On appeal, the NLRC reversed the LA Decision. In its Decision18 dated April 30, 2002 (NLRC's First Decision), the NLRC ruled that the strike on February 16,1996 was valid because it was grounded on unfair labor practices committed by Bigg's. As such, the union members were not bound to wait for 15 days from the filing of the Notice of Strike before staging the same. The NLRC also ruled that there was no evidence to establish that the union members displayed violence, coercion, or prevented the free ingress to and egress from Bigg's premises during the March 5, 1996 strike. The dispositive portion of the NLRC's First Decision reads:
WHEREFORE, the assailed Decision of January 31, 2000 is REVERSED AND SET ASIDE. Accordingly, respondent-appellee BIGG's is hereby directed to immediately reinstate complainants-appellants to their former positions without loss of seniority rights and to pay them full backwages up to actual reinstatement, damages, of P 100,000.00 each and attorney's fee of 10%.19
However, on motion for reconsideration (MR), the NLRC reversed its own ruling and reinstated the LA Decision in its Decision dated October 22, 2002 (NLRC's Amended Decision). The NLRC declared that there were material points which it had unintentionally missed in its First Decision.20
The NLRC held that the two strikes staged by the union were illegal. As to the February 16, 1996 strike, there was no notice of strike filed with the NCMB.1awp++i1 More significantly, the union had not yet been qualified as the certified bargaining agent of Bigg's employees. Thus, it could not, as a matter of right, stage a strike. The NLRC also held that there was no conclusive proof of union busting or unfair labor practice.21
Regarding the March 5, 1996 strike, the NLRC held that audio-video footage was presented showing the acts of violence, aggression, and prevention of ingress to and egress from the premises of Bigg's. As well, during the hearings before the LA, counsel for the union members stated that he was not contesting the allegation that some of the union members had attempted to block the passage of Bigg's delivery vans.22
The dispositive portion of the NLRC's Amended Decision reads:
WHEREFORE, prescinding from the foregoing considerations, Our assailed decision of April 30, 2011 is hereby SET ASIDE and the Decision of the Labor Arbiter is hereby REINSTATED. This is, however, without prejudice to those employees/complainants who have already opted to be separated by receiving their respective separation benefits.23
Ruling of the Court of Appeals
Both parties elevated the case to the CA. In its Decision24 dated June 10, 2011, the CA partially granted the union's appeal.

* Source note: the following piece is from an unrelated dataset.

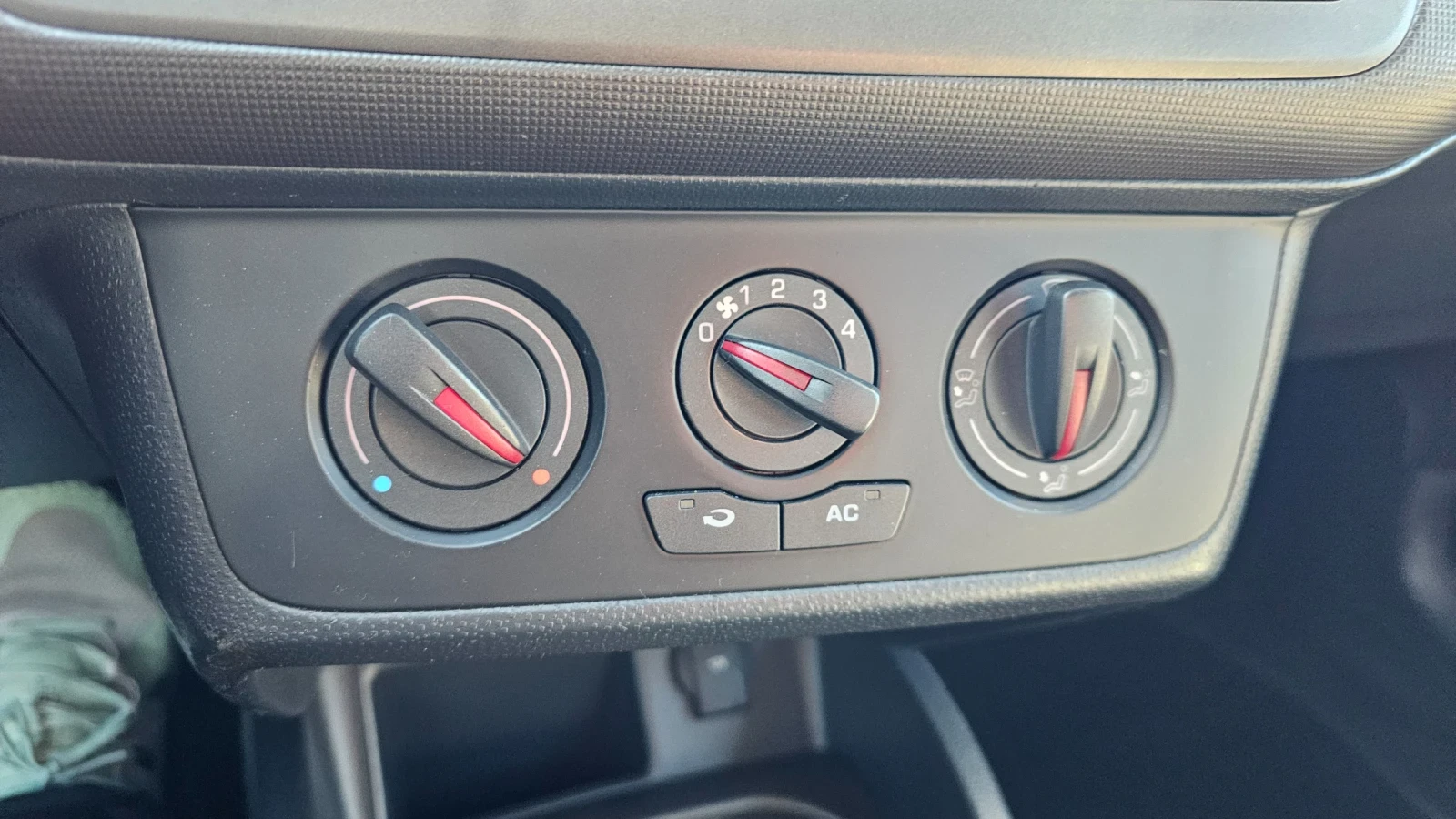 Seat Ibiza 1.2TDI-EVRO-5-ЛИЗИНГ, снимка 15 - Автомобили и джипове - 53013775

The CA overturned the findings of the NLRC as to the finding of a sit-down strike on February 16, 1996. The CA held that Bigg's failed to adduce substantial evidence showing that the union conducted a sit-down strike on February 16, 1996. Only one representative of Bigg's, Carmen Manjon (corporate officer of Bigg's), attested that the union members conducted a sit-down strike. Bigg's did not even bother to present corroborative evidence to substantiate the allegation.25
On the other hand, the union clearly established that some of its members were barred from entering the premises or threatened with dismissal by reason of their union membership. This, said the CA, was a clear manifestation of unfair labor practice.26
With respect to the March 5, 1996 strike, the Court ruled that it was illegal for having been conducted with violence and aggression. However, the CA clarified that a strike need not always be declared by the duly certified bargaining representative. The implementing rules of the Labor Code recognize the power of a legitimate labor organization to conduct a strike in the absence of a certified or duly recognized bargaining representative, provided that the reason therefor is unfair labor practice. The CA held that a legitimate labor organization may take direct action and forego the usual procedural requirements if the raison d'etre is unfair labor practice or dismissal of its members which constitutes union busting.27
The CA further found that Bigg's was guilty of anti-unionism by preventing Boncacas and other union members from entering the premises and firing other union members on the same day when they opted to retain union membership. As of February 16, 1996, the union had been effectively busted. Thus, the CA held that it was no longer necessary to file the requisite notice of strike.28
Nonetheless, the CA held that indeed, the strike held on March 5, 1996 was illegal as it was marred by violence and restraint on the free passage and use of property of Biggs. It was not disputed that the union members formed a human barricade and prevented delivery vehicles from passing through Bigg's gates. They also placed three big stones along the gate entrance to keep the vehicles from exiting the premises and flung stones at another van while it was on its way out of the area.29
The dismissal of union officers Liria, San Juan, and Arines was upheld by the CA for their illegal acts during the strike. However, the CA exonerated union president Boncacas as it was not shown that he initiated or participated in any of the illegal acts that characterized the strike as shown in the video evidence of the strike.30
The CA also held that Bigg's failed to prove that union members Maruja De Vera, Thelma Divina, Allan Dy, Charvie Neo, Willy Oyarde, and Marlon Romero were contractual employees.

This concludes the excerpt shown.